**EXERCISE GOAL:**
Once you find the line containing "Chevrolet-Impala-1961-Coupe-16", please retype it and every line after it to the end of the entries, exactly and with nothing added.

(Records from a collection)
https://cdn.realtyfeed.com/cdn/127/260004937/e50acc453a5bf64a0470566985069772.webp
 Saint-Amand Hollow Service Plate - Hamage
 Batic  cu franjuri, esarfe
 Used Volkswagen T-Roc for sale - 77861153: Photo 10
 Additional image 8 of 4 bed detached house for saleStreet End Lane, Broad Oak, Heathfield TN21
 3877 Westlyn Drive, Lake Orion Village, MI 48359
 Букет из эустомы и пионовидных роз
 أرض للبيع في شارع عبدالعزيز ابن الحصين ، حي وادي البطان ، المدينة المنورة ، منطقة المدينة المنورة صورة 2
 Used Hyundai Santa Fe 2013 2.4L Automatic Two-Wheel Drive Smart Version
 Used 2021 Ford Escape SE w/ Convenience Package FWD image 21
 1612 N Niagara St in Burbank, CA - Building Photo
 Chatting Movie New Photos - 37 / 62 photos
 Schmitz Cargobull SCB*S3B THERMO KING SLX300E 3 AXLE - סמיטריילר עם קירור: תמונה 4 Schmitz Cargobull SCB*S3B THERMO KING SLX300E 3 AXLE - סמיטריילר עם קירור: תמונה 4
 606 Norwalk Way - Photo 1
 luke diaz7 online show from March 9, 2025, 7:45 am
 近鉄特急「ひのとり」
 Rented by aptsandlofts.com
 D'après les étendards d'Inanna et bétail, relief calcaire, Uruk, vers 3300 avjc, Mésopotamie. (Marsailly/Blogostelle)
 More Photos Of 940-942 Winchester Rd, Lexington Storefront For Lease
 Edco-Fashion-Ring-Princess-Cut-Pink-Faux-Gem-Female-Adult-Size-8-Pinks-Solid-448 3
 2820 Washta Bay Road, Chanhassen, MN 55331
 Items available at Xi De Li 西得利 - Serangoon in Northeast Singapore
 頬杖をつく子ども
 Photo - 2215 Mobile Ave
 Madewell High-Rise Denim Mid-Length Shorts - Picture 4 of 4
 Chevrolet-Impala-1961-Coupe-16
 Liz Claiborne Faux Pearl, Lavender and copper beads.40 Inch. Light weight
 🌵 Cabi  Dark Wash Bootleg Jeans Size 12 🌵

**RESPONSE TO THIS EXERCISE:**
 Chevrolet-Impala-1961-Coupe-16
 Liz Claiborne Faux Pearl, Lavender and copper beads.40 Inch. Light weight
 🌵 Cabi  Dark Wash Bootleg Jeans Size 12 🌵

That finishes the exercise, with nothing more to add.